Considerable attention was focused here on such grand French gestures as this evacuation, the dispatch of a special envoy here by President Valery Giscard d'Estaing, and indications from the French foreign minister that France may take the Lebanese issue to the United Nations Security Council.

But in terms of actual diplomatic problemsolving, a greater role has been played by Saudi Arabia, which stamped on the ambitions of each of the combatants to the point where the April 18 cease-fire was possible.

On the right-wing side, there originally had been some hope that a hawkishly anti-Soviet United States and a friendly nearby Israel might provide the necessary backing for an all-out right-wing assault on the local troops of pro-Soviet Syria. These hopes were fueled by US Secretary of State Alexander M. Haig Jr., who, while in Israel near the beginning of his recent Mideast tour, denounced Syrian actions in Lebanon as "brutal."

But Syria's 20,000 troops in the ADF in Lebanon are here under a mandate from the Arab League supported by Saudi Arabia and all other league members.
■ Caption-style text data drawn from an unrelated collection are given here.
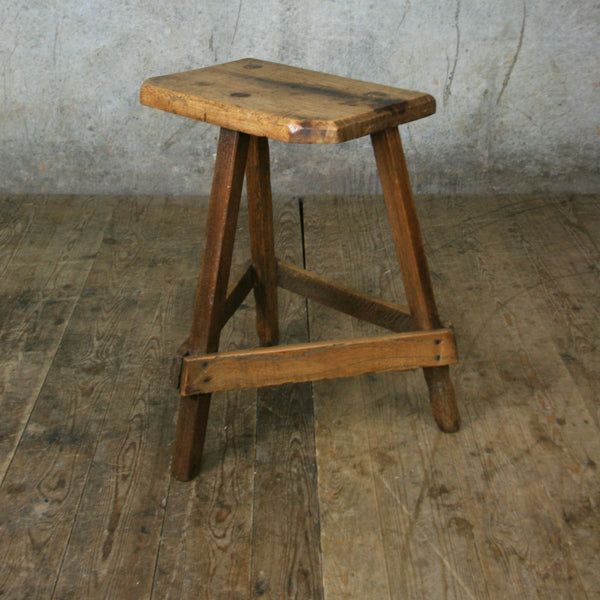 Rare Vintage Rustic Elm Industrial Silversmith / Engineers / Machinist / Draftsman Stool or Chair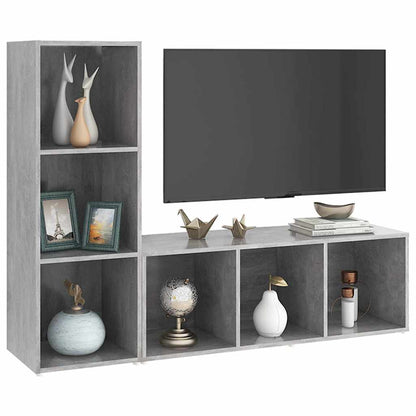 vidaXL 2 Piece TV Cabinet Set Concrete Grey 107x35x37 cm Engineered Wood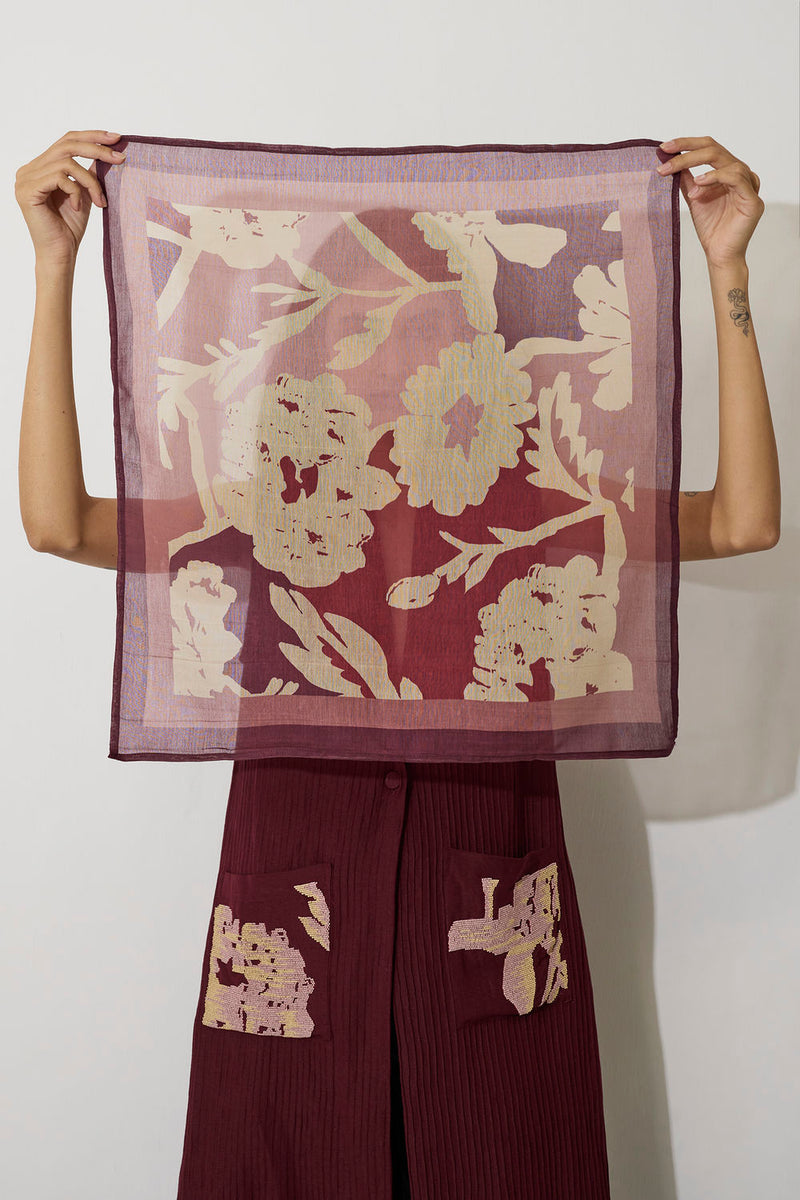 Marigold Stripe Square Scarf-Pink chanderi scarve/stole by World of SiSa in pink for women Worldwide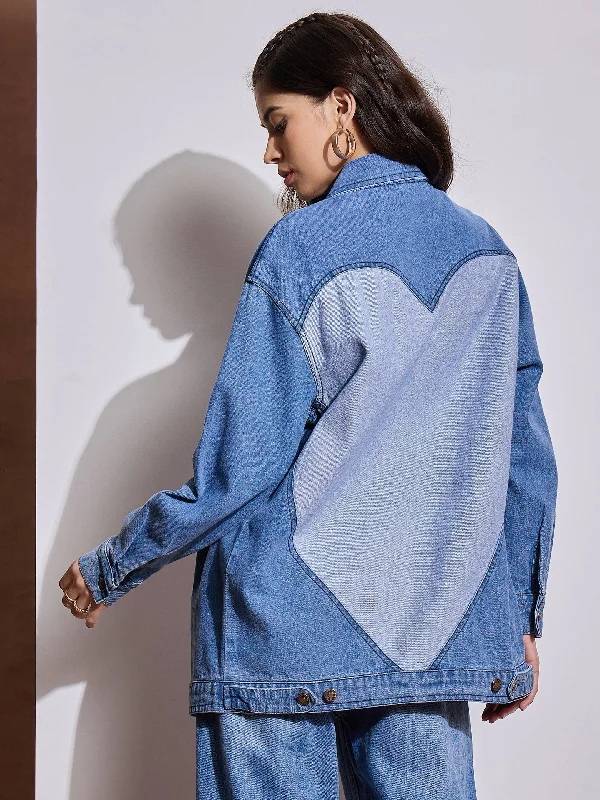 Women's denim jackets with a patchwork design for a bohemian and artsy styleWomen Blue Washed Denim Back Heart Patch Shacket Women's denim jackets with a patchwork design for a bohemian and artsy styleWomen Blue Washed Denim Back Heart Patch Shacket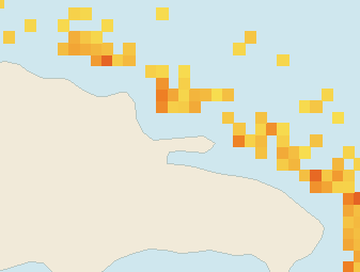 Satellite floating-algae map near Las Terrenas, Jun 2022 (opens full map image in a new tab)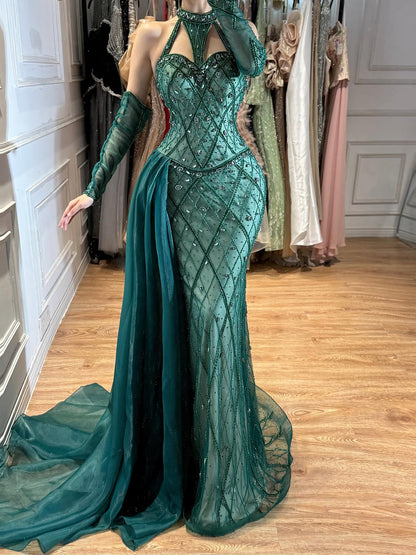 Emerald Green Halter Neck Beaded Mermaid Evening Dress with Gloves LA73322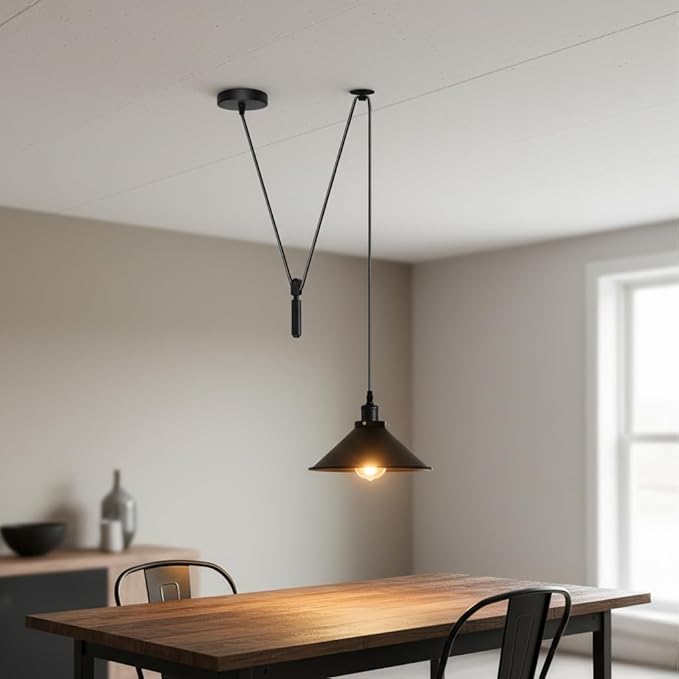 Black Cone Adjustable Pulley Pendant Light – Retro Industrial E26 Hanging Ceiling Lamp Fixture for Kitchen Island, Dining Room, Living Room, Bar & Café Décor (2M, Black)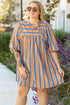 Striped Three Quarter Sleeve Babydoll Plus Size Mini Dress
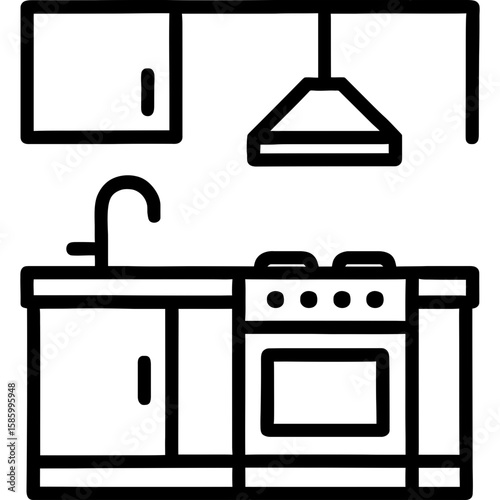 Kitchen outline icon vector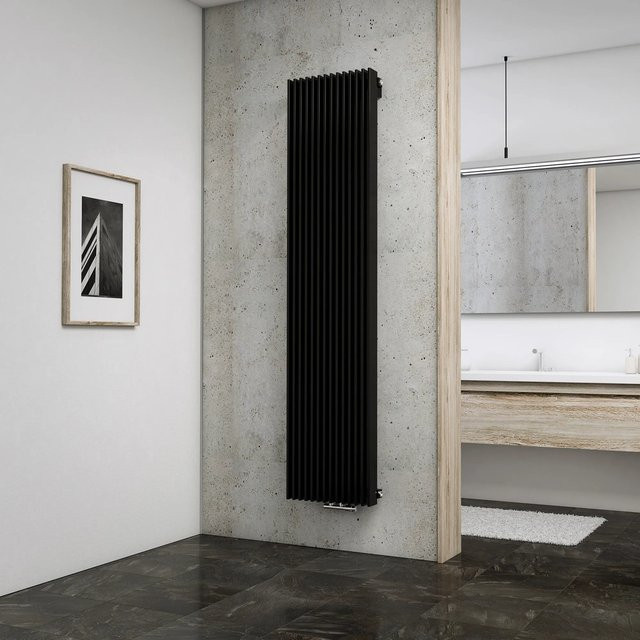Schulte Design-Heizkörper London Anthrazit mit Mittenanschluss und Wandhalterung, Leistung: 1.556 W, Höhe: 140,0 cm - Bild 1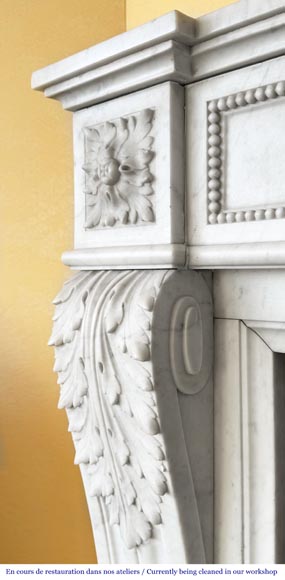 Louis XVI style fireplace in Carrara marble decorated with pearls Louis XVI style fireplace in Carrara marble decorated with pearls-5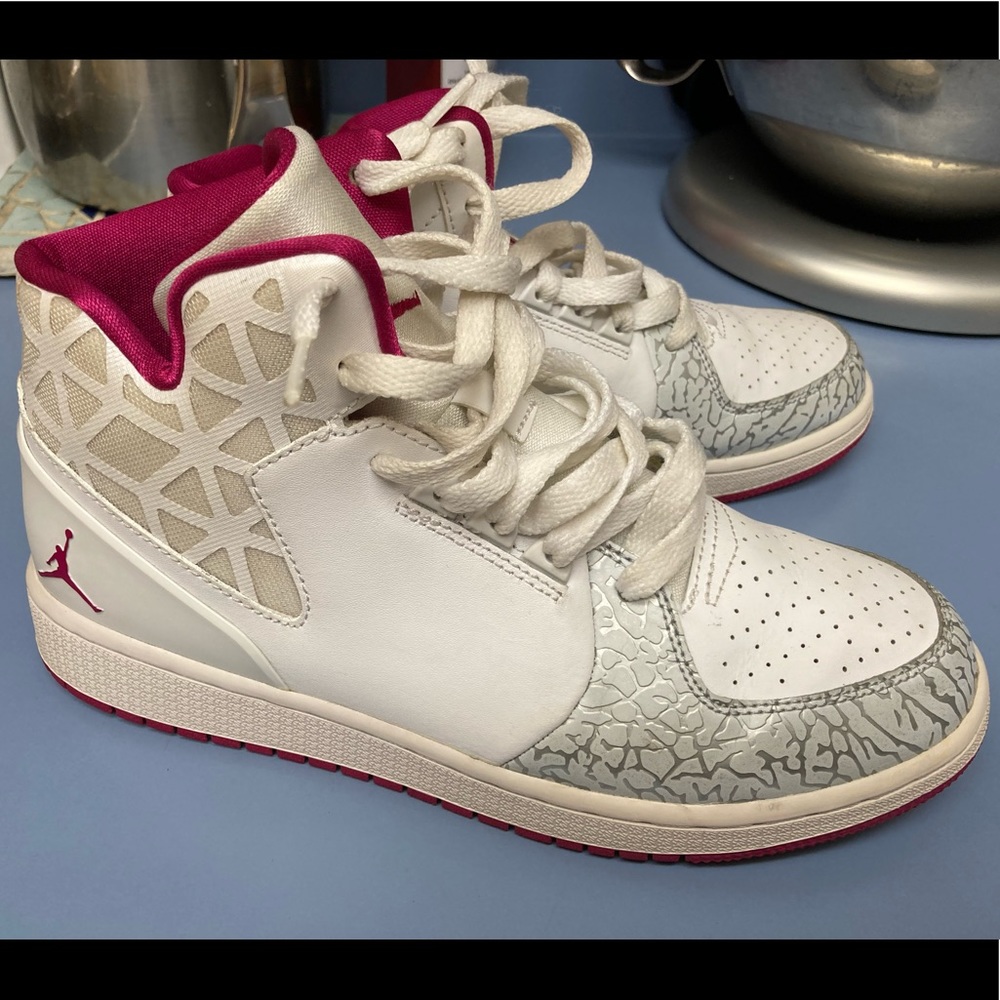 Nike Air Jordan 1 Flight 3 Premium White Fushia High Top Shoes 6Y 729519-160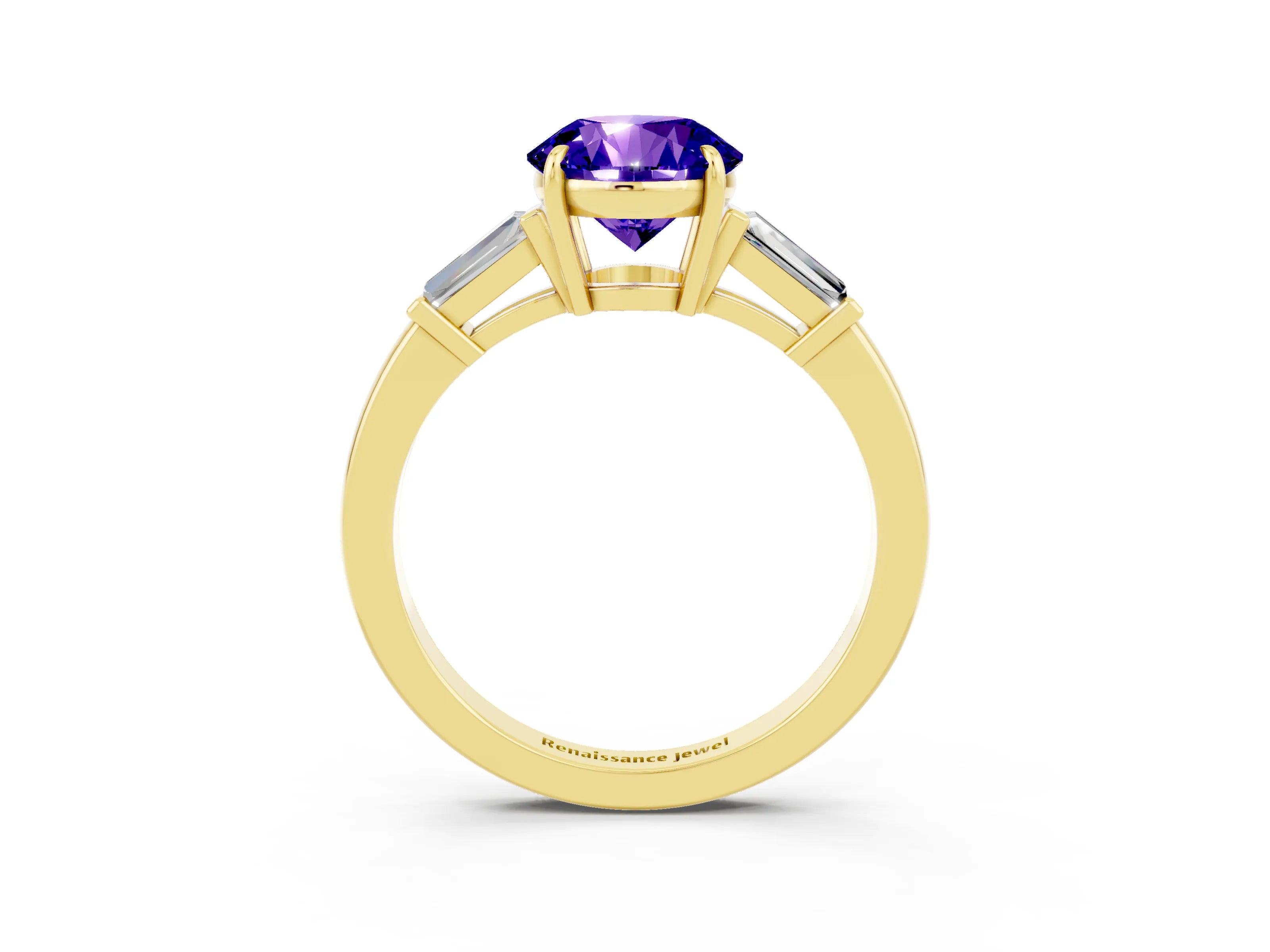 Yellow gold Round Cut Cut Diamond Ring with Tapered Baguette Side Stones in Four-Prong Setting_3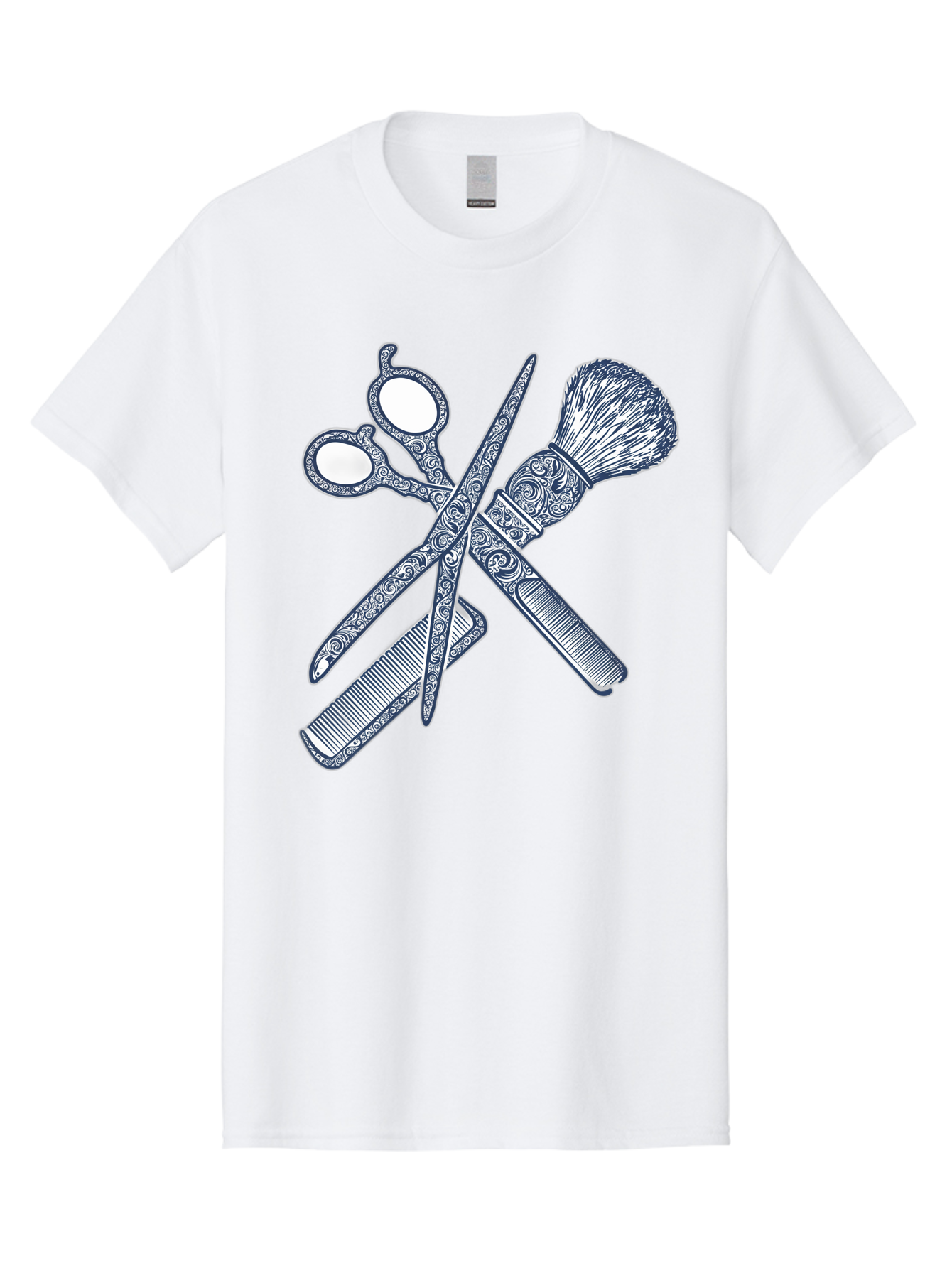 Barber-Tools Men'S Graphic Tee, 100% Cotton, Comfortable Casual Summer Wear, Machine Washable, Barber Scissors, Straight Razor, Shaving Brush, Vintage Grooming, Men'S Grooming, Classic Barber Shop, Antique Styling, Ornate Details, Bac612 3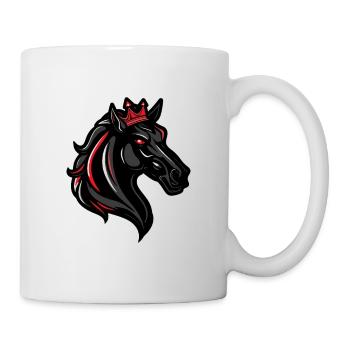 Pferd Kopf Krone - Tasse - Weiß - Rechts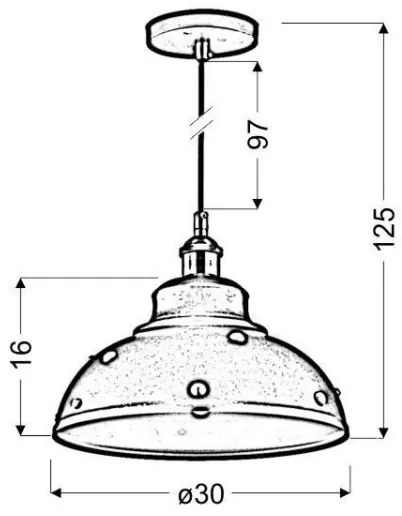 Lampadario a sospensione con filo SCRIMI 1xE27/60W/230V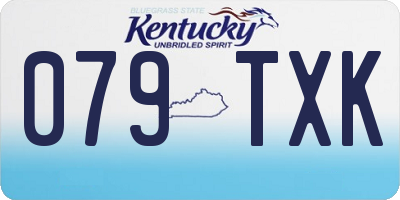KY license plate 079TXK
These states have believed, up to now, that the ADF presence has been the best guarantee that inter-Lebanese disputes lingering on since the 1975-76 civil war would not erupt again into the horrific fighting of those days.

The views of the Saudis and oterh Arab states on this score might be changing. But the current ADF mandate is good through July 25, so until then the mandate's sponsors must support the ADF as the major security force existing in Arab League-member Lebanon.

This point was brought home forcefully to Secretary Haig by his hosts during the Saudi Arabian leg of his Mideast tour.

Saudi sources here would confirm only informally that they have "reservations" about the val ue of extending the mandate after its present expiry date.